Work item:
Nothing but the lines from the one with "CAMÉRA CELLULAIRE DE" through the end of the listing should be reproduced, each exactly and with pictures omitted.

Data for the task:
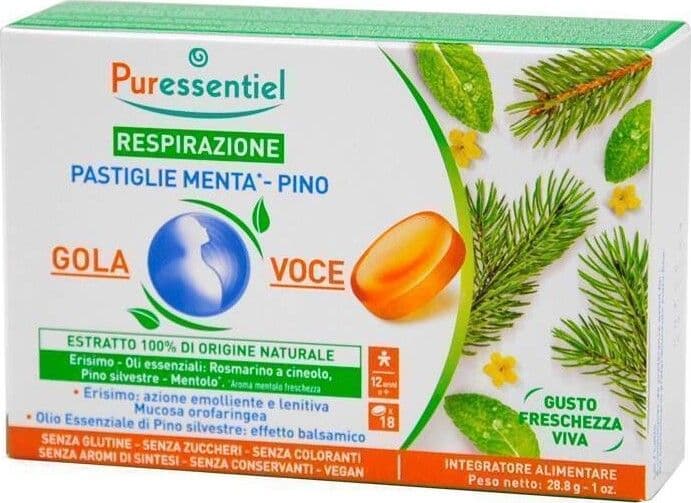 RESPIRAZIONE-PASTIGLIE-GOLA-VOCE-MENTA/PINO-18-pastiglie-Puressentiel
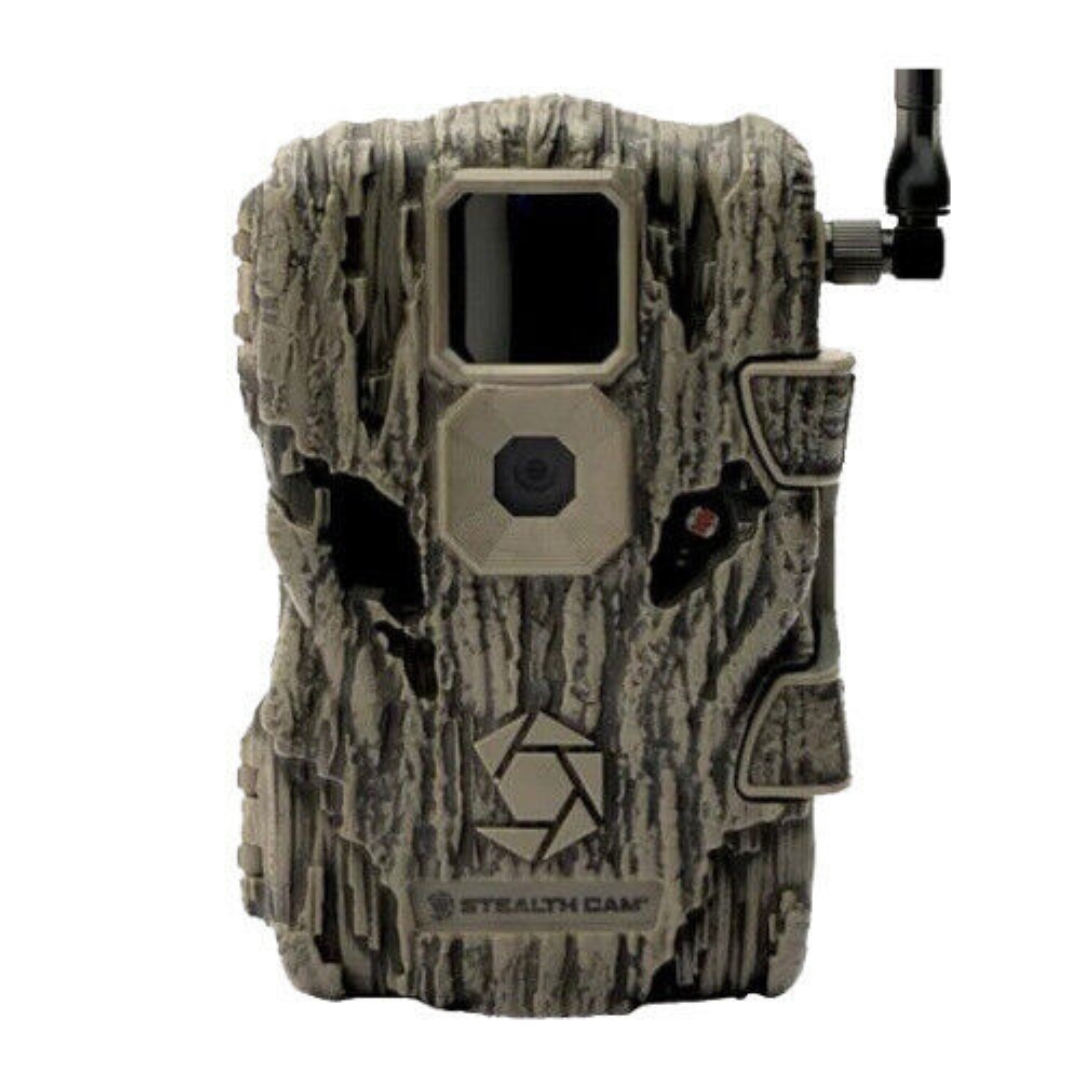 CAMÉRA CELLULAIRE DE CHASSE STEALTH FUSION X 26MP vue de la caméra au motif camo de face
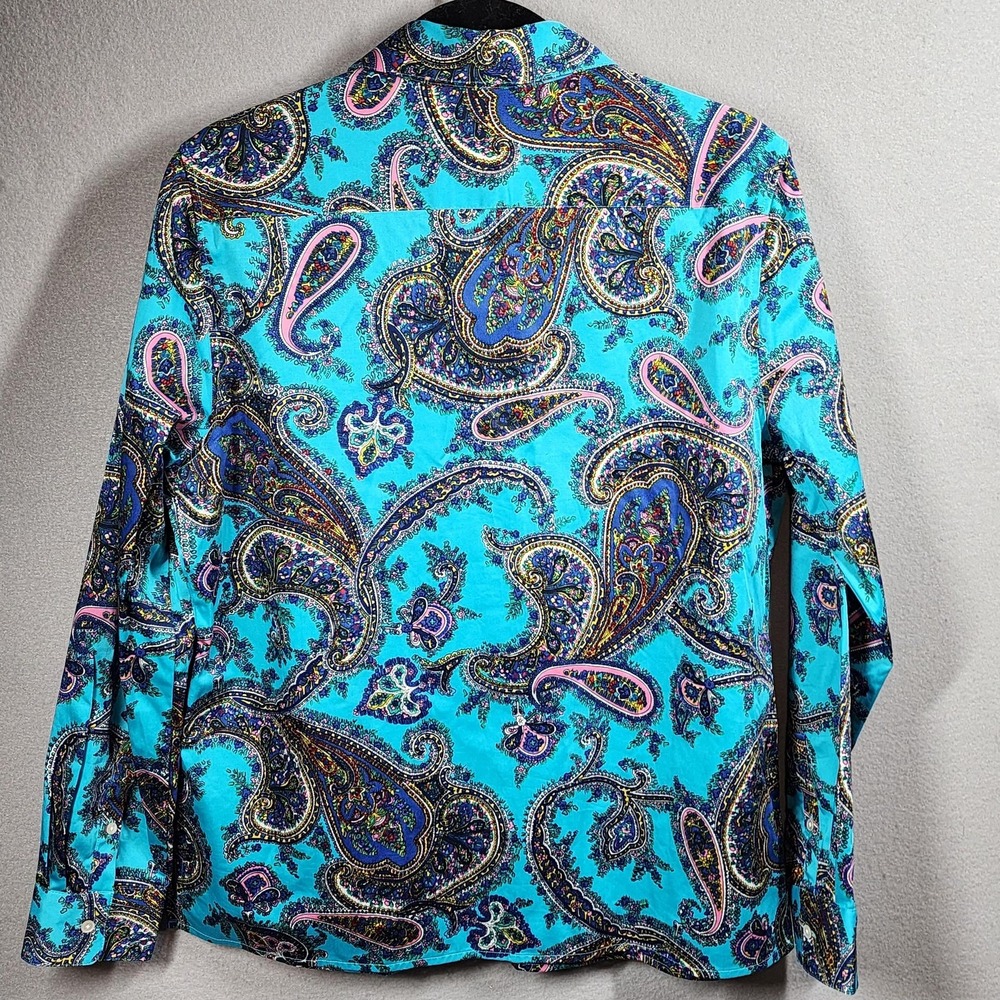 Talbots Turquoise Paisley Shirt Womens 10 12 Button Front Long Sleeve Stretch - Picture 2 of 10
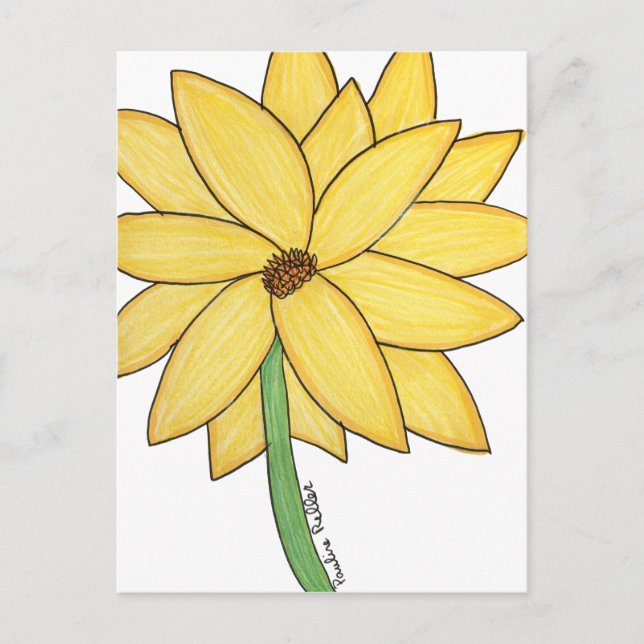 Postal Yellow Flower- Blank Folded Greeting Card (Anverso)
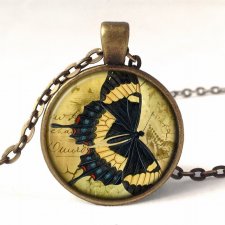 Vintage motyl - medalion z łańcuszkiem - Egginegg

Answer to the problem:
 CAMÉRA CELLULAIRE DE CHASSE STEALTH FUSION X 26MP vue de la caméra au motif camo de face
 Talbots Turquoise Paisley Shirt Womens 10 12 Button Front Long Sleeve Stretch - Picture 2 of 10
 Postal Yellow Flower- Blank Folded Greeting Card (Anverso)
 Vintage motyl - medalion z łańcuszkiem - Egginegg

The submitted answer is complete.